Date of Award


Document Type

Open Access Master's Report

Degree Name

Master of Science in Environmental and Energy Policy (MS)

Administrative Home Department

Department of Social Sciences

Advisor 1

Richelle Winkler

Committee Member 1

Nancy Langston

Committee Member 2

Amy Marcarelli


The Wilderness Act of 1964 designated certain areas denoted as wilderness in the United States of America for the sake of preservation and conservation. In the state of Michigan, 16 designated wilderness areas currently exist, and the Environmental Law and Policy Center (ELPC) is advocating for the addition of four new wilderness designations. The addition of these areas would add about 51,000 acres of federally recognized wilderness areas to the Upper Peninsula of Michigan. This paper aims to understand public attitudes and political support or opposition to these new wilderness designations among residents and visitors of the Upper Peninsula of Michigan (U.P.). Using social media posts from Google Maps, Facebook, Instagram, and Twitter, I qualitatively analyzed social media data to understand the reasonings behind support or opposition to wilderness in the U.P. I also conducted a social network analysis of Twitter users discussing wilderness in the Upper Peninsula to reveal how they interact with one another, diffuse ideas about wilderness designation, and organize support or opposition of wilderness designations. Findings show that public social media posts were generally supportive of wilderness designation with very little explicit opposition posted on public sites.
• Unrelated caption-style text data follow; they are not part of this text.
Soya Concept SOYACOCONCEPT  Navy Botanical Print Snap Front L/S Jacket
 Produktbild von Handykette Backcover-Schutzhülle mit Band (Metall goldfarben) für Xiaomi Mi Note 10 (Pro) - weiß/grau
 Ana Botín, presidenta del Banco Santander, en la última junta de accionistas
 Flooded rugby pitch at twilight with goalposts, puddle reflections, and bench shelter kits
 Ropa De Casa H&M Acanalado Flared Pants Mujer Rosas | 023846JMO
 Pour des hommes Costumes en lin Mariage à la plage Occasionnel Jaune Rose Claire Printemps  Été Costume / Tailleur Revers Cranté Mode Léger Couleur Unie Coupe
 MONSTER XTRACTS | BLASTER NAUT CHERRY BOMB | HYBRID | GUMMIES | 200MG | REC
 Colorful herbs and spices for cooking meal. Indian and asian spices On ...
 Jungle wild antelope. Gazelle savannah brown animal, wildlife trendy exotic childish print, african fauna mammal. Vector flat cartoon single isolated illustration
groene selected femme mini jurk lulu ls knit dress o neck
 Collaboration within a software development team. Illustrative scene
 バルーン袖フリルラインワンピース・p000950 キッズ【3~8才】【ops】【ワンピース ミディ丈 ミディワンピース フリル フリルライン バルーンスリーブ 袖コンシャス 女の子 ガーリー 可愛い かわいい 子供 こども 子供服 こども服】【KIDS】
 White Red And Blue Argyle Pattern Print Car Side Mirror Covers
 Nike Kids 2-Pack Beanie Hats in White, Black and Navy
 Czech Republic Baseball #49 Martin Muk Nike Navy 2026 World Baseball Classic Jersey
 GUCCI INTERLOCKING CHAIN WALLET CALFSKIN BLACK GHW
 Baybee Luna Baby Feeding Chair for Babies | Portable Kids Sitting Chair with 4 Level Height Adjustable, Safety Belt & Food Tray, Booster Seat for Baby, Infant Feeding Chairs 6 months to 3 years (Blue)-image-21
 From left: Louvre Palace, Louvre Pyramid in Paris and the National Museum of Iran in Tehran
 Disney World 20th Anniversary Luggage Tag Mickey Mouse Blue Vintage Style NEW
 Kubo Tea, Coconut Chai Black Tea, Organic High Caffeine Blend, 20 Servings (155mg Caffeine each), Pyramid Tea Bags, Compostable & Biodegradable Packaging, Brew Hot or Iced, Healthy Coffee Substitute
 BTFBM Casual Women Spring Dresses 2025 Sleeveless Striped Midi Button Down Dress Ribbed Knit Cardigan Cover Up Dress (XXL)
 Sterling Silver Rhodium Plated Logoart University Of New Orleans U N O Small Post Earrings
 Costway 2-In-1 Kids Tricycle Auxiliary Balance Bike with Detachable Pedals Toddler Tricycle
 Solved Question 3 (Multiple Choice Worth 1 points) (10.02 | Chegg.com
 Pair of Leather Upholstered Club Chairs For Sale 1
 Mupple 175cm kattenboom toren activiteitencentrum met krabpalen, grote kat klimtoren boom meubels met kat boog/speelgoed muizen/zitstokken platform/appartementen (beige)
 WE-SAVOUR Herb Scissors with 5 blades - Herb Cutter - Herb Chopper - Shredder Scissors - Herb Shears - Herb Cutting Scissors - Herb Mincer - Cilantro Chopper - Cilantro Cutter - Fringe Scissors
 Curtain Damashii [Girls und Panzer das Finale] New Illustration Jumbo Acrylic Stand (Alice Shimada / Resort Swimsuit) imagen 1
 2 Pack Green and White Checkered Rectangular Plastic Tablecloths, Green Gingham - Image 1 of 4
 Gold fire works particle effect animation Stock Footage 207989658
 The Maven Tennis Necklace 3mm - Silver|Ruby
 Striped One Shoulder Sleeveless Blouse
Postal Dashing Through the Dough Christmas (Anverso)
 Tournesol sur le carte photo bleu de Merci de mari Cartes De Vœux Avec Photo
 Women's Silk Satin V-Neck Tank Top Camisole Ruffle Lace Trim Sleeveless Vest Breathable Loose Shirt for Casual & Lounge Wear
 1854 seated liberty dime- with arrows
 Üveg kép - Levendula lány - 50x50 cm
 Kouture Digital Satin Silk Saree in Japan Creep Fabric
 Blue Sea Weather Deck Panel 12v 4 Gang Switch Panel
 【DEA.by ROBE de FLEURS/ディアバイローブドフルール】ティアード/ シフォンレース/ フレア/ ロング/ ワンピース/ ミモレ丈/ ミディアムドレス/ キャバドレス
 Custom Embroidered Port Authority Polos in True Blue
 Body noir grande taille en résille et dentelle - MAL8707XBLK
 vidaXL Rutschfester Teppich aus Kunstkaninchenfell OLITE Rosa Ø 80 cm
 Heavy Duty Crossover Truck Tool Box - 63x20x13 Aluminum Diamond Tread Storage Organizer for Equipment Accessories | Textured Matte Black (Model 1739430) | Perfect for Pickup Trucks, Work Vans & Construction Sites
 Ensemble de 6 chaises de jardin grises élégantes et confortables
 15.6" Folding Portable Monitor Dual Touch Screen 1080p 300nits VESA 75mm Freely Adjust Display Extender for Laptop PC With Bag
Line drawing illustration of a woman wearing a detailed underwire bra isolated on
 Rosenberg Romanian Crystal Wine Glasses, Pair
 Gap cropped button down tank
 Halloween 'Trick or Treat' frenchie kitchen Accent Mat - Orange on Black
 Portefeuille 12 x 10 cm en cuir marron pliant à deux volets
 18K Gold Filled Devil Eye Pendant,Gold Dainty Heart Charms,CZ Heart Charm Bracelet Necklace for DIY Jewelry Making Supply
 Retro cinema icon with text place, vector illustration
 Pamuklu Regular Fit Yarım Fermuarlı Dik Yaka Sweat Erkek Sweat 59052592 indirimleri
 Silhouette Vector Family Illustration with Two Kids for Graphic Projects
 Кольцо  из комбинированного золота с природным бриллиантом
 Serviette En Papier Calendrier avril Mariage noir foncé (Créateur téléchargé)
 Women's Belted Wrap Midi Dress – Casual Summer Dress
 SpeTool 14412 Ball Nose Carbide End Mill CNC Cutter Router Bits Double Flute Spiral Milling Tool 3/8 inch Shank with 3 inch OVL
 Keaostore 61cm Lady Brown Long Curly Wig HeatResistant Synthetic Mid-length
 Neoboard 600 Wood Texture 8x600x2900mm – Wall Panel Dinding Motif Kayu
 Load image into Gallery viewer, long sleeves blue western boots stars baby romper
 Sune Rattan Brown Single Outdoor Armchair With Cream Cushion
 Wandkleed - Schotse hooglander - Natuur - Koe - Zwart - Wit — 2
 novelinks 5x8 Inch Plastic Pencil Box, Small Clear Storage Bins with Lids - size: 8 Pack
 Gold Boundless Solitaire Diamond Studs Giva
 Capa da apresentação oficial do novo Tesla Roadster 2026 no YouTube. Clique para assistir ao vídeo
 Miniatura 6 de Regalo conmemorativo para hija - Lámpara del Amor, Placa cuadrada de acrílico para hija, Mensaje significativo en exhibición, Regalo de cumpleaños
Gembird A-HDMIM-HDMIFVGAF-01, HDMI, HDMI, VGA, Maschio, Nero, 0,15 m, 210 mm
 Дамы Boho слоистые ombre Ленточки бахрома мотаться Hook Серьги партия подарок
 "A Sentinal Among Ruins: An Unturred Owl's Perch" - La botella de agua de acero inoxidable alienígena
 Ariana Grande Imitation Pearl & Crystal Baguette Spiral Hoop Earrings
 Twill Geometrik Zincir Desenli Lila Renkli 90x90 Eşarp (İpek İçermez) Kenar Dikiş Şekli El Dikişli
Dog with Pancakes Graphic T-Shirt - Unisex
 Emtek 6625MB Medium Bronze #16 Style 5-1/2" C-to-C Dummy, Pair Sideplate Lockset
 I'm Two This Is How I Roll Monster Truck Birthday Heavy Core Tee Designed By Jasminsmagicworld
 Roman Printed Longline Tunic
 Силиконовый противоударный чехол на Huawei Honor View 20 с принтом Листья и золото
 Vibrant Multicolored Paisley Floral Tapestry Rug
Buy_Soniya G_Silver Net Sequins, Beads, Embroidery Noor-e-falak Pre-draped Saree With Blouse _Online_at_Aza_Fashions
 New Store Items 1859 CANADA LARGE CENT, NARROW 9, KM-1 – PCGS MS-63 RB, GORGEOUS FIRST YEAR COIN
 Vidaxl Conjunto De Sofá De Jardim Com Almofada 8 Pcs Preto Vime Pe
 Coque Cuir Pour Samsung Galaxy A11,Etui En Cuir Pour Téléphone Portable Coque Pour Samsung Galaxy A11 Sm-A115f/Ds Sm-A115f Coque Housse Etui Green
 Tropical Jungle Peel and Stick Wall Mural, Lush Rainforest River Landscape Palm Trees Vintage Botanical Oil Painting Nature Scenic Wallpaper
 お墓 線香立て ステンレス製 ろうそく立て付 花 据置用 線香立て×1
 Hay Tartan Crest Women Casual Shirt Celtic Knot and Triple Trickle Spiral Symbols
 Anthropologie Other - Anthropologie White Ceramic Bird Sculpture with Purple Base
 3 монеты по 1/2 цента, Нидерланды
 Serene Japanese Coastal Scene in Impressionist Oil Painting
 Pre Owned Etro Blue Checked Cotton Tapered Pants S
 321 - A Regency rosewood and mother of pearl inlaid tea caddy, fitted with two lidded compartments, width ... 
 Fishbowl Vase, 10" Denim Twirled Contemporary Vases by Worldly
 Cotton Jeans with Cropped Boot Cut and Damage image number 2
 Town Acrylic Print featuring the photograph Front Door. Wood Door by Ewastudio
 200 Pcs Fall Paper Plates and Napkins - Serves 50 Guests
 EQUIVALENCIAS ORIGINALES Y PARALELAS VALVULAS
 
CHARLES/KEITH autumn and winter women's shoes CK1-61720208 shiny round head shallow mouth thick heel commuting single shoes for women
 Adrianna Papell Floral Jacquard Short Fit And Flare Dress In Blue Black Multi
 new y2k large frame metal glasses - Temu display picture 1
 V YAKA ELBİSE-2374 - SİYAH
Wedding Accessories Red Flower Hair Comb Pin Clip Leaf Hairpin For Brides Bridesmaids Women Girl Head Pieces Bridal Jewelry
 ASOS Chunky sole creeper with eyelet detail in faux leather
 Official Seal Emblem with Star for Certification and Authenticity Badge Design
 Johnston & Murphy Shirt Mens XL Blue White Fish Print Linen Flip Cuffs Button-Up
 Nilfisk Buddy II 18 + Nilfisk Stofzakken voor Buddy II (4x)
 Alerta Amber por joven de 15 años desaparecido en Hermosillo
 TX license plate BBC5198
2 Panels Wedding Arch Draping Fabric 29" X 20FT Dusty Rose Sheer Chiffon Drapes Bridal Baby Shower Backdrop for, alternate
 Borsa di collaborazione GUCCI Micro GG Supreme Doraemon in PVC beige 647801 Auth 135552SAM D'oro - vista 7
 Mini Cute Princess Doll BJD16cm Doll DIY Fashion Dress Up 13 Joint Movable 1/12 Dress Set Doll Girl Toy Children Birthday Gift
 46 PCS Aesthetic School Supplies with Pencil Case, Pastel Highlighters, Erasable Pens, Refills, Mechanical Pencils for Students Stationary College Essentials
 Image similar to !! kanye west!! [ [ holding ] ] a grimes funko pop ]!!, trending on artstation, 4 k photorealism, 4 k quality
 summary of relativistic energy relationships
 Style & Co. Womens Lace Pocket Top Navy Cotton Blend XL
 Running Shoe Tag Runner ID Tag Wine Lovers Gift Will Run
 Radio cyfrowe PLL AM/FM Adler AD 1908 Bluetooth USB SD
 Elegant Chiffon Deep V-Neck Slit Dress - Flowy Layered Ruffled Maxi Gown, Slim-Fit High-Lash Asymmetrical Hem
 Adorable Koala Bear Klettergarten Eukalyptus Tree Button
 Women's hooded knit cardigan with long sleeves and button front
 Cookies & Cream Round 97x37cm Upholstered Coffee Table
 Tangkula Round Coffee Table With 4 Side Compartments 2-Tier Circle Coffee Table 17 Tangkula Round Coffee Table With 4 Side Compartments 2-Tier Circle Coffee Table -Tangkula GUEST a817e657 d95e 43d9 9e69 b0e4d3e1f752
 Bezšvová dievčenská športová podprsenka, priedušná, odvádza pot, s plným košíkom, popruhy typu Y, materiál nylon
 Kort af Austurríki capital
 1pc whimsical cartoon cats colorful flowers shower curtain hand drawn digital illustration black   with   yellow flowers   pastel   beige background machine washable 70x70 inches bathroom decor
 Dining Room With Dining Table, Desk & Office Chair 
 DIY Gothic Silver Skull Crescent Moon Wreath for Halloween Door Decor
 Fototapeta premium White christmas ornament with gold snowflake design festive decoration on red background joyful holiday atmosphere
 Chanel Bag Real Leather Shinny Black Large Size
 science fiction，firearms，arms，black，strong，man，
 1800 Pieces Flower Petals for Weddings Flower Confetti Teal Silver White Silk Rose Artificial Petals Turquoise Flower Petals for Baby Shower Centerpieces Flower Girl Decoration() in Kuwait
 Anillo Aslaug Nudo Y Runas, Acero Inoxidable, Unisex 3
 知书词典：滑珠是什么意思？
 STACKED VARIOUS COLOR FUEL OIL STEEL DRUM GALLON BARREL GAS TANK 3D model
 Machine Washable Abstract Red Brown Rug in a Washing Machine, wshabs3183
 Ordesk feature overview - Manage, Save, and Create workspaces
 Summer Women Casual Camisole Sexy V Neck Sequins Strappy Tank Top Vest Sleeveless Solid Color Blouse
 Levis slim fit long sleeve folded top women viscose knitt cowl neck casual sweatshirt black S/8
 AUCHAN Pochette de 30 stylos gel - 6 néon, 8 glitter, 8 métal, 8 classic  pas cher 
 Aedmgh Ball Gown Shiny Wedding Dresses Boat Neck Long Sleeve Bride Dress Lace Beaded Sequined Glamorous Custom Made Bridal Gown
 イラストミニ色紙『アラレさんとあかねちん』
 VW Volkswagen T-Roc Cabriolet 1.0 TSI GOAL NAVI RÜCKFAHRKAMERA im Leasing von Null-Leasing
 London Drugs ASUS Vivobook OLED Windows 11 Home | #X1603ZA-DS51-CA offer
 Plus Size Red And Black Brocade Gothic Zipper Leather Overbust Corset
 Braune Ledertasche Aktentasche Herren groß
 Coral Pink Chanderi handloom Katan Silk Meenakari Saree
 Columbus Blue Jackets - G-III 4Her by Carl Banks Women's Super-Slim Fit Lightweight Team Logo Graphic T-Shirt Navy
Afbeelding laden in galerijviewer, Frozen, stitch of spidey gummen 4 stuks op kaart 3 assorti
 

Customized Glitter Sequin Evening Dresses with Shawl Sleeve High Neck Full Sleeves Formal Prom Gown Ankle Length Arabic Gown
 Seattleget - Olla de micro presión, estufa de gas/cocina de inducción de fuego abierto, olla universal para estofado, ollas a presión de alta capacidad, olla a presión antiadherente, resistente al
Supportive social media posts generally noted the importance of protection and preservation of wilderness and discussed behaviors of respecting wilderness. Opposition social media posts generally discussed concerns of “conservation police officers” and hypocritical actions taken by wilderness advocates. The social network analysis revealed that more people expressed support for U.P. wilderness and wilderness designation than opposition on Twitter. This report offers insight as to how the ELPC and decision makers should promote the four wilderness designations in the Upper Peninsula of Michigan, which can impact the final legislative decision on whether to designate the new areas.